Soccer Dad currently has a good post on Anti-Zionism and Anti-Semitism, and I would like to use it as a springboard for some thoughts of my own. He writes, "Zionism means believing that there is a historical connection between Jews and Israel." He is right that the word is often used in this sense and that the kind of extreme anti-Zionism espoused by the Palestinians usually means to deny this historical connection, one which is obvious to any educated person.
However, Zionism in its historically conscious sense means the political movement that sought to establish a modern nation-state in Israel. This has now been achieved and the original immediate aim of Zionism has now become a moot point. Partially because of this, the word Zionism is often used now, especially by anti-Zionists, to designate any support at all for the state of Israel. Since there is a spectrum of possible meanings for the word Zionism, there is also a spectrum of possible anti-Zionisms.

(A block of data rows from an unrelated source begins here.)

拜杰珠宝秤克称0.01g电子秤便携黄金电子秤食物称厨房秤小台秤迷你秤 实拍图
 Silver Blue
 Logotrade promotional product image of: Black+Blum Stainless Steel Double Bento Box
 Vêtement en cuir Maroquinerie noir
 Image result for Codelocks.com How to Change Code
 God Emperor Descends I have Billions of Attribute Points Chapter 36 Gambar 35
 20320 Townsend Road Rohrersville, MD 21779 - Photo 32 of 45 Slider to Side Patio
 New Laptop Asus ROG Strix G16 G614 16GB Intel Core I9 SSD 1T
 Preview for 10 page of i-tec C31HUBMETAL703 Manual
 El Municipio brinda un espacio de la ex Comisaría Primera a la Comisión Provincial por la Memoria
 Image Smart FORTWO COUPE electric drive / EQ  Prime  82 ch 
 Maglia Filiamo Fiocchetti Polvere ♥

I think it makes sense to separate the word "Anti-Zionism" from the word "Anti-Semitism." The latter term refers to hostility or prejudice directed at the Jewish people. We tend often to identify "Anti-Zionism" with "Anti-Semitism" because the extreme forms of Anti-Zionism carry bias to the point of bigotry and clearly involve a desire to harm the interests of the state of Israel, a desire that can hardly be said to coexist with a neutral or benevolent attitude towards the Jews that live there--and indeed all Jews (since all Jews have a stake in the connection between the People of Israel and the Land of Israel).
Nevertheless, the Jewish People and the State of Israel are not identical entities. Bigotry towards one, at least theoretically, is not automatically bigotry towards the other. What is clearly needed is a recognition that Anti-Zionism is often a kind of bigotry in its own right. Even extreme anti-Zionists may take pains to avoid anti-Semitism, but that does not exonerate them, it merely means that they exemplify a different sort of bigotry. The notion, for instance, that Modern Israel is a "European" country whose residents all have European "homelands" is a bizarre distortion which in practice is paired with the intent of harming the interests of millions of Jews. Is it Anti-Semitic? This may depend on what you mean by the word "Anti-Semitism," and perhaps the best way to avoid semantic quibbles is simply to affirm that it is a bigoted belief no matter what it is labeled.
So I think that maintaining the distinction bewteen anti-Zionism and anti-Semtiism may actually provide some clarity in the face of people who claim that they are being labeled "Anti-Semites" for mere criticism of Israel. The answer to such poeple is that they if are entertaining beliefs about Israel that no informed objective person can entertain or exhibiting an extreme tendency to single out Israel, they may not be "Anti-Semites" per se, but they are bigots all the same.